In the end, the two surviving characters just wall themselves up in a basement like they’re in a vampire-themed escape room and call it a day. The credits roll. You question your life choices.
Performances: Theater of the Absurd (and Barely Awake)
The cast includes people with names, probably. What matters is that every actor is giving a performance somewhere between trance-induced interpretive dance and “French model who accidentally wandered onto a movie set.” The dialogue is delivered with the energy of someone ordering a baguette after an all-night absinthe bender.
Special mention must go to Jacqueline Sieger as the Vampire Queen, who manages to glower menacingly while dressed like a discount Shakespearean dominatrix. Her entire performance screams, “I don’t know what’s happening, but I will commit to it harder than my rent depends on it.” Because it probably did.

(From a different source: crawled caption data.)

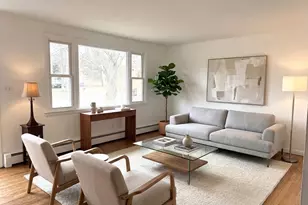 14 Woodland St, Tolland, CT 06084 - Photo 5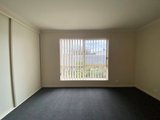 https://images.listonce.com.au/custom/160x/listings/261-rennie-street-lara-vic-3212/279/01969279_img_04.jpg?VPlPk1Ehm3s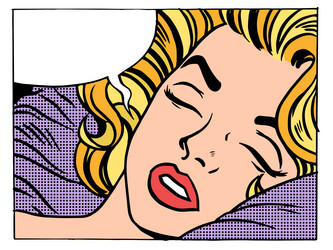 Similar image 10464739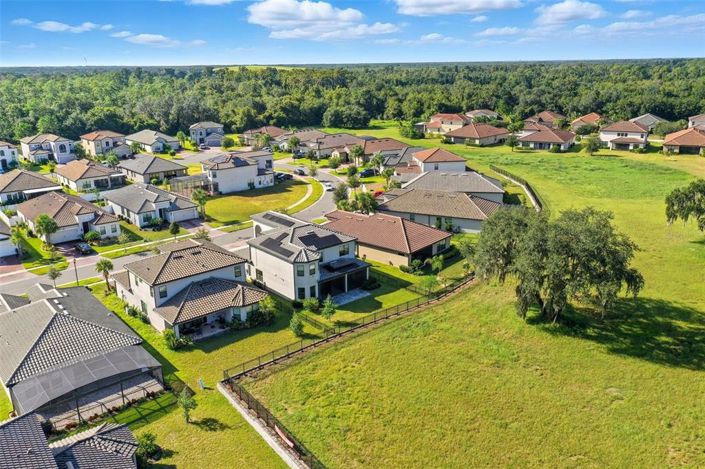 Image No.57-4 Bed Property for sale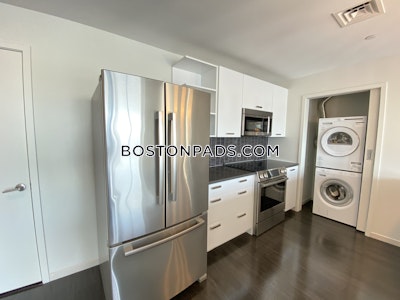 Cambridge Apartment for rent 2 Bedrooms 2 Baths  East Cambridge - $3,865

Direction: Jean Rollin, Agent of Chaos
Rollin directs with the surrealist bravado of a man who mistook the script for a collection of torn-up poetry scraps found in a wine bar bathroom. Every scene is drenched in symbolism, or possibly just underlit. Coffins appear, disappear, and reappear like a magician who’s forgotten his own trick. Naked women chant vague philosophies, and everyone walks very slowly, as if the budget didn’t allow for running.
It’s not so much a movie as it is a moving postcard from the inside of a fever dream, stamped with a lipstick kiss and a cryptic quote from Sartre.

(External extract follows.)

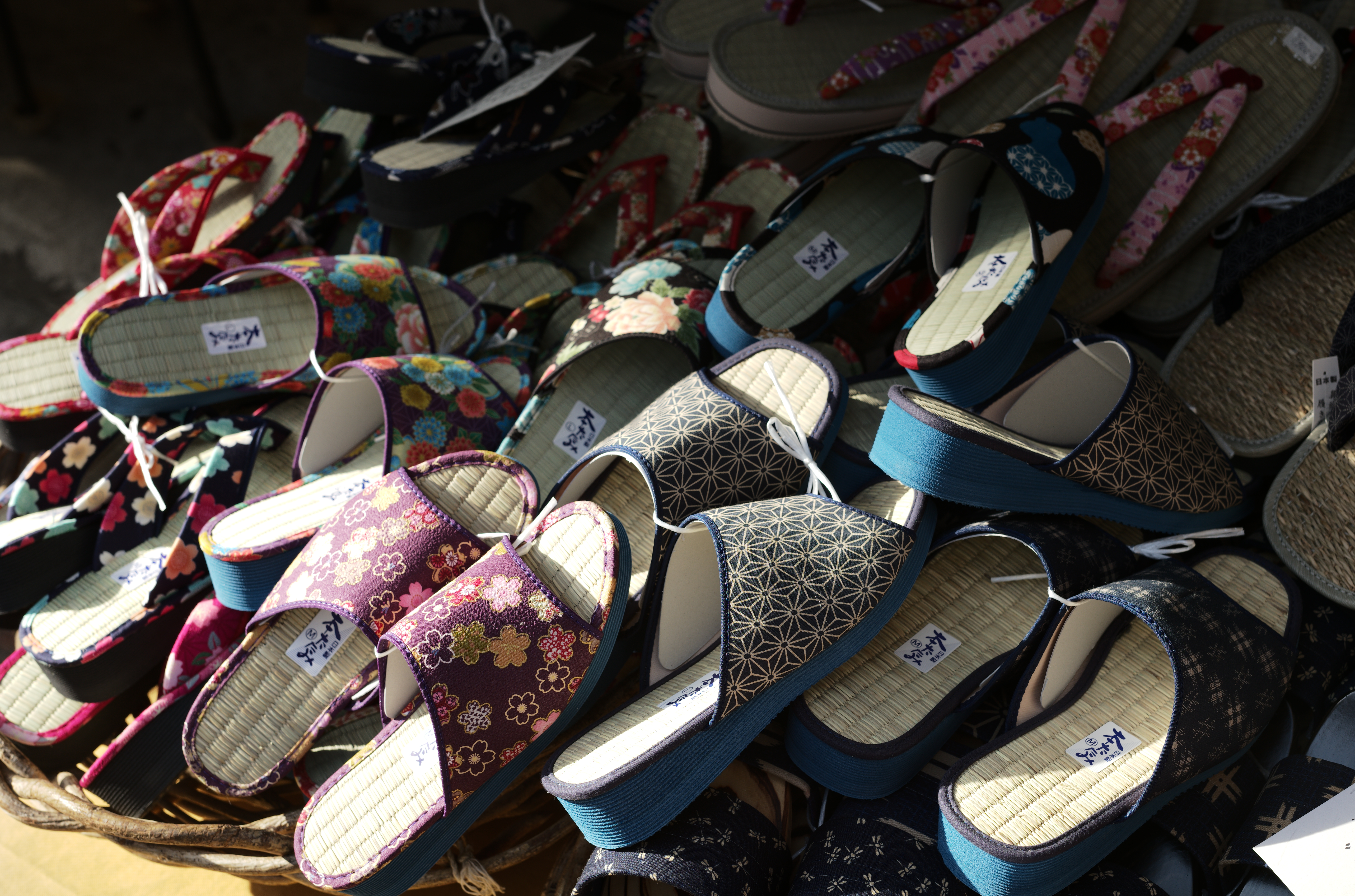 ライカM10-R　APO-SUMMICRON F2/50mm ASPH.（F5.6・1/125秒）ISO 100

Cinematography: Black-and-White-and-WTF
The film looks gorgeous… in that haunted-vacation-photo sort of way. Shot in black and white, the visuals swing wildly between gothic elegance and, “Did someone forget to turn on the light?” It’s all beautifully framed nonsense—like watching a perfume commercial made by Nosferatu.

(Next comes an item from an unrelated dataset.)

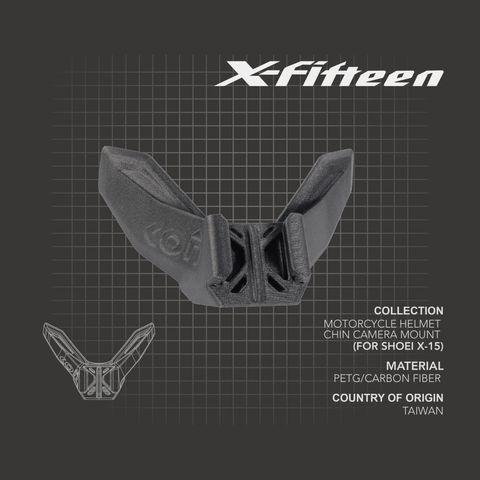 LINE_ALBUM_相機基座_250704_1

Rollin clearly has an eye for imagery. Unfortunately, he forgot the eye for narrative, pacing, or basic human motivation. But let no one say this isn’t a pretty catastrophe.
Themes: Vampires, Sex, Death, Nihilism… France.
Le Viol du Vampire is stuffed with themes: the madness of isolation, the illusion of identity, the oppression of societal norms, and how bras are apparently optional in every dimension. It wants to be Bram Stoker by way of Jean-Paul Sartre, but ends up feeling more like Dracula as interpreted by a confused mime during a nervous breakdown.
There’s a lot of talk about belief, trauma, and immortality, but none of it sticks. Characters die, come back, hallucinate each other, and then debate metaphysics while naked. It’s like watching Nietzsche try to direct a soap opera with a hangover.
Final Thoughts: A Beautiful, Bloody Mess
If you’re the kind of viewer who loves a concrete plot, developed characters, or coherent themes, Le Viol du Vampire is not your coffin of choice. But if you enjoy watching art students channel their inner Ed Wood with more nudity and fewer excuses, this is a gloriously self-serious disaster you won’t forget—no matter how hard you try.
It’s bold. It’s baffling. It’s French.
Rating: 1.5 out of 5 Cryptic Coffins
“Like drinking expired wine from a cracked goblet—you’ll feel fancy and poisoned at the same time.”